‘BUDDY’ CANCELED
Theater of the Stars has canceled the July 9-14 engagement of “Buddy — The Buddy Holly Story” at the Fox Theatre. All single tickets will be refunded.
Customers who bought single tickets online or by phone will automatically receive a refund to the credit card used within five to 10 business days. Customers who bought tickets at the Fox Theatre ticket office or a Fox Theatre Outlet should contact the Fox Theatre Ticket Office by phone at 404-881-2017 or by email at boxoffice@foxtheatre.org.
Group tickets will be refunded in the same method of payment used to originally purchase tickets. All group payments made by check will be refunded by check within five to 10 business days. For group questions, please call 404-881-2000.
Theater of the Stars, Atlanta's longest-running stage company, is in dire financial straits and is appealing to Atlantans for $1 million by Aug. 30.
In a letter mailed Tuesday to patrons and subscribers, producer Christopher Manos attributed the 61-year-old nonprofit troupe's woes to a "bumpy economy" and the drying up of several undisclosed funding sources. He warned that if TOTS does not receive an infusion of $500,000 by July 12 and another half-million by Aug. 30, it will "cease operations and shut its doors."
In an interview with The Atlanta Journal-Constitution, Manos and Vice President and General Manager Brian D. Frey said the situation is more complicated than expressed in the “Save Theater of the Stars” letter.

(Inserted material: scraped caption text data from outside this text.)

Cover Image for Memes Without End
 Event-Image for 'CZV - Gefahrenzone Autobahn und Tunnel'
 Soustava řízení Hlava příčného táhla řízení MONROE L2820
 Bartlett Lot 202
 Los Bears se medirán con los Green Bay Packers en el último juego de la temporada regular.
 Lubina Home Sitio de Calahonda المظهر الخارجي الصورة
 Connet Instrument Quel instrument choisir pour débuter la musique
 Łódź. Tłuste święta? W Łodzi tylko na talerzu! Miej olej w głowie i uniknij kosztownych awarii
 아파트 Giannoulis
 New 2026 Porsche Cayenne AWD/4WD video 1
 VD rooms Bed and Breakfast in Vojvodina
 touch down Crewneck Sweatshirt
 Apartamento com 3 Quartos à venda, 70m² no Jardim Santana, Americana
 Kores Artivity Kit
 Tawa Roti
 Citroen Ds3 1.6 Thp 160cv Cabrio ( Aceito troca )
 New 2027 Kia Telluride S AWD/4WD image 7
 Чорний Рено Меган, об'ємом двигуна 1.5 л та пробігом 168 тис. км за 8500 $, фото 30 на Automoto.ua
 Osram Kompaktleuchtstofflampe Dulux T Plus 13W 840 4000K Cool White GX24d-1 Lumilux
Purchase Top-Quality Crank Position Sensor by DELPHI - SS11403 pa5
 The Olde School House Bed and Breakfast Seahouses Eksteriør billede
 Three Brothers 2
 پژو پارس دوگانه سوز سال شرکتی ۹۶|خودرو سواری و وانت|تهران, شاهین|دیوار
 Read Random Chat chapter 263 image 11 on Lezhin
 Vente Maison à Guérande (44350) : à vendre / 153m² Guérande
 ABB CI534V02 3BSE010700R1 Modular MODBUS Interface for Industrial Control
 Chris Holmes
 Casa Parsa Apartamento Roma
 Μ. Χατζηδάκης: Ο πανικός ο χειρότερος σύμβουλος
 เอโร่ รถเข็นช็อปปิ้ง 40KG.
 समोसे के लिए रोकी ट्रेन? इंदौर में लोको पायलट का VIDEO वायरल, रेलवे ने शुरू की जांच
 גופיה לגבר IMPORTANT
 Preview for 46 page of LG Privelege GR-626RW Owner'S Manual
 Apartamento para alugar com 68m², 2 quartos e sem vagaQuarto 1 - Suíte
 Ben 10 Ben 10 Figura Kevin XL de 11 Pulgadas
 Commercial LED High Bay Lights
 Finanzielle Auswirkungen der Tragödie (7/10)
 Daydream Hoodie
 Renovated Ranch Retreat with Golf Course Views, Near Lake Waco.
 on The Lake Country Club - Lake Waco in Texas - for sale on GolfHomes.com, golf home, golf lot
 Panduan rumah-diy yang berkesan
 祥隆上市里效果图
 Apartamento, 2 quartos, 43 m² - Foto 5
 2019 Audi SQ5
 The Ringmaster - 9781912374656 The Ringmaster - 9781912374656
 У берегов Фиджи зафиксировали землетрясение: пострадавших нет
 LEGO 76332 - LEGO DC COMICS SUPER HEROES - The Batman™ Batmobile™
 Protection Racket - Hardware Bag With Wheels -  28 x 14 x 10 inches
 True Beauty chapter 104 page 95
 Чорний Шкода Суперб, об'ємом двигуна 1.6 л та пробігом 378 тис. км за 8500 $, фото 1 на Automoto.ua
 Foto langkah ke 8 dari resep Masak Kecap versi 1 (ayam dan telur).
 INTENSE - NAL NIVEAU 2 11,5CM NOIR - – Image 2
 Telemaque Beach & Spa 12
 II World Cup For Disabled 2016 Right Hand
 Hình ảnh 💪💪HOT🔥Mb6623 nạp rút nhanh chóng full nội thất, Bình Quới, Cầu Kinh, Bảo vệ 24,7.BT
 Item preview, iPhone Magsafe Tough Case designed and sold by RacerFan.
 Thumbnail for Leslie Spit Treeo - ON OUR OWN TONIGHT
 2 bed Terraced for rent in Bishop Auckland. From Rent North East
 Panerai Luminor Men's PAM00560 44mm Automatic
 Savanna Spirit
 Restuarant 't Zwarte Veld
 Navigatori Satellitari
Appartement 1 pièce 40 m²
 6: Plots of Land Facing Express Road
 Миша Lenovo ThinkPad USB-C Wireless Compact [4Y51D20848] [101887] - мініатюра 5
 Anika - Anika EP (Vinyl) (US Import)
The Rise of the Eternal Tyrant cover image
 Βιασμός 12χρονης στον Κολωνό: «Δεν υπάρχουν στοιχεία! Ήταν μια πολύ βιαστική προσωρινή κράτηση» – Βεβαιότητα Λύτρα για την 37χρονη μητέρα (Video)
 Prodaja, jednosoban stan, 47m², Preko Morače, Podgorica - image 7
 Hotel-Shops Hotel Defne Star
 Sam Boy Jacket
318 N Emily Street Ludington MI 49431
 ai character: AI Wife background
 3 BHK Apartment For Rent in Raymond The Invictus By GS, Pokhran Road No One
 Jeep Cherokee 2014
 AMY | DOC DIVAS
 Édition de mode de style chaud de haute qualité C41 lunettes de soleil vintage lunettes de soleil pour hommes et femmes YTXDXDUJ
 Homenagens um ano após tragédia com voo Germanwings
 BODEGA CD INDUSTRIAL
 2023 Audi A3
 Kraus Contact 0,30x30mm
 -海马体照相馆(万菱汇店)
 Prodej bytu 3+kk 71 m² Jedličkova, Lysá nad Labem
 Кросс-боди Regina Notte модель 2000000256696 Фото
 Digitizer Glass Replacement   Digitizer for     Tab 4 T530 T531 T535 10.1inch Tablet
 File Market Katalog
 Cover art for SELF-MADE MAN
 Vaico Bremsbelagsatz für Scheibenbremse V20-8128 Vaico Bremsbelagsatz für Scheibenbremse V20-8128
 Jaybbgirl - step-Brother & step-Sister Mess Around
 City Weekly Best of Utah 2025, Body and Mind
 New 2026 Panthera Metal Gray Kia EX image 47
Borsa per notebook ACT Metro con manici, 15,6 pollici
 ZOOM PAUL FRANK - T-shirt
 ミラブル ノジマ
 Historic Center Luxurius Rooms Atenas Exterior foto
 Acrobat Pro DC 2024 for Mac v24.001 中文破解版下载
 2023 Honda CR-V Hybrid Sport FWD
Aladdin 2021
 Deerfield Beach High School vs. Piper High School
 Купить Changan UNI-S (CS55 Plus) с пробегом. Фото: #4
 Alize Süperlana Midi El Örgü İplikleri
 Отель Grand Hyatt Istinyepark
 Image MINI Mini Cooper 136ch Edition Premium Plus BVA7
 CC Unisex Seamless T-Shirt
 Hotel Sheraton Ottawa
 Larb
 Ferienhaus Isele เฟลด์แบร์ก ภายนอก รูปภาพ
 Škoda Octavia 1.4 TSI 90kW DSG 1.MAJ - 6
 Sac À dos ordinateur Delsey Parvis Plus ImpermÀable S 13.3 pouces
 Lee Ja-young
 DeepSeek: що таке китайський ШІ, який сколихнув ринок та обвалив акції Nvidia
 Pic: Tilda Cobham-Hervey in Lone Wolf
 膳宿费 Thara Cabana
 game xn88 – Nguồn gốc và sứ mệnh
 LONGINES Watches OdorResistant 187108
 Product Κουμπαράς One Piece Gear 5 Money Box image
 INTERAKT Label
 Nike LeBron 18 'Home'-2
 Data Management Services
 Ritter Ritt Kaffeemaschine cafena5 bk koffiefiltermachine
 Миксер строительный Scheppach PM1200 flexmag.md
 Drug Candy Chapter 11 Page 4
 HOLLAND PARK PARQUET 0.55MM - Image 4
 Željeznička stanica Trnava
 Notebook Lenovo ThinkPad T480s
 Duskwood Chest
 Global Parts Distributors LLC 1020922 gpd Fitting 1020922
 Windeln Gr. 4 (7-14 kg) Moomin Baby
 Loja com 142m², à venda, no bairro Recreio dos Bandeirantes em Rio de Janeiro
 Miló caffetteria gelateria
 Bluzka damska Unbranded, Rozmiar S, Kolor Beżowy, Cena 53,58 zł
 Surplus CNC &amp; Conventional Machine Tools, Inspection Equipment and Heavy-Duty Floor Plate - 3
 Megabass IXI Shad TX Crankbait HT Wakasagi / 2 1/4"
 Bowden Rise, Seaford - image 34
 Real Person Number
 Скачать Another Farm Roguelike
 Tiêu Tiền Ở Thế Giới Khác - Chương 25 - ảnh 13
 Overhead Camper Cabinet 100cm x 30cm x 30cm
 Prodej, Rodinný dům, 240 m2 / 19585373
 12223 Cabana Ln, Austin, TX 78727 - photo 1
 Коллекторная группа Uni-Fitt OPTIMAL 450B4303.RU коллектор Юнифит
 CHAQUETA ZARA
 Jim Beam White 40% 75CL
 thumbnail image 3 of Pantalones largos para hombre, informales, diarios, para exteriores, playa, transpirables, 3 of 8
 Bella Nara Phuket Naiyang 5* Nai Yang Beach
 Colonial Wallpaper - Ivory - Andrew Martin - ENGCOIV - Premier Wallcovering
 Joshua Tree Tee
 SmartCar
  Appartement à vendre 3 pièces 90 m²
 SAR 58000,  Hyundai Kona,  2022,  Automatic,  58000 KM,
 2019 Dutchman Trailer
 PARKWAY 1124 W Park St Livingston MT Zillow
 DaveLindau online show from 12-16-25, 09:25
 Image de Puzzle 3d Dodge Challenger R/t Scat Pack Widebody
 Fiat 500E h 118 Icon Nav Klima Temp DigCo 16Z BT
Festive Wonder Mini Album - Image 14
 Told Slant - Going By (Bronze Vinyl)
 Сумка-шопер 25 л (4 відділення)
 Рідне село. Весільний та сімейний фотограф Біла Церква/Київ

TOTS had accumulated what Manos termed a “ghastly” amount of debt during the “economic tsunami” of the recession, a period that put a strain on many arts groups. An anonymous donor gave the troupe $3 million to clear its books in 2011. The company has since accumulated an additional $650,000 in debt, but the leaders said the troupe can operate with that.
The bigger issue, they said, is they don’t have enough cash to mount their season, in which musicals cost an average of $300,000 to present. Though TOTS ticket sales have sagged in recent seasons, they believe in the bankability of shows like “Disney’s ‘The Little Mermaid,’ ” scheduled for Sept. 7-15.
The first casualty of the shortfall is the slow-selling jukebox musical “Buddy,” which was to open the TOTS season at the Fox Theatre July 9-14. (TOTS is offering ticket exchanges for other shows or a refund, but is also asking ticket holders to consider turning the purchase into a contribution. See sidebar to this article for refund information.)
TOTS has faced intense competition for Atlanta's musicals-loving audiences from Broadway in Atlanta, a member of the 28-market network of the national powerhouse presenter and producer Broadway Across America. While TOTS has brought crowd-pleasers such as "Mary Poppins" and "The Producers," Broadway in Atlanta, which also stages at the Fox, has secured the hotter national tours for many years. Broadway in Atlanta's coming season includes "The Book of Mormon" and "American Idiot."
The leaders also said that, although TOTS always has been a nonprofit, it tended to operate too much like a for-profit, leaning too heavily on ticket sales and subscriptions and not aggressively pursuing governmental and foundation grants. Roughly two-thirds of its $5 million annual budget is from ticket sales, with the other third coming from annual giving by patrons and other sources.
Manos, who produced his first TOTS season in 1960, said the reaction the company frequently gets when it makes fundraising pitches is, “‘What are you doing asking for money? You’re a retail theater company, you’re like Broadway.’
“But we’re not,” he continued. “We’ve been a nonprofit from the beginning.”
Frey said TOTS is making many changes in the wake of the departure last month of President Nicholas F. Manos, Christopher Manos’ son, and that raising its profile with funders is among the most important.
“Because in order for us to sustain, we have to be visible in the philanthropic community, visible to the people in this city who are supporters of the arts,” he said. “That is a key to our future existence.”
The leaders said the funding appeal is coming at the eleventh hour because they thought they had secured a short-term loan from an undisclosed organization, but it fell through.
“The amount of money we’re asking for in a short period of time clearly ties one hand behind our back,” Manos said. “But the alternative is to close unceremoniously right now. And we just think it would be criminal to not go to the public itself and say ‘Here it is,’ reminding you of what we’ve done, reminding you of what we can do.”
TOTS leaders find some hope that New Jersey's Paper Mill Playhouse raised more than $1 million in a one-month save-the-theater campaign in 2007 and that Georgia Shakespeare exceeded a $500,000 emergency fundraising goal in 2011-12.
“We feel strongly that the path that we’re on right now is a solid path and we have a lot of support for that,” Frey said. “We’re just out of cash.”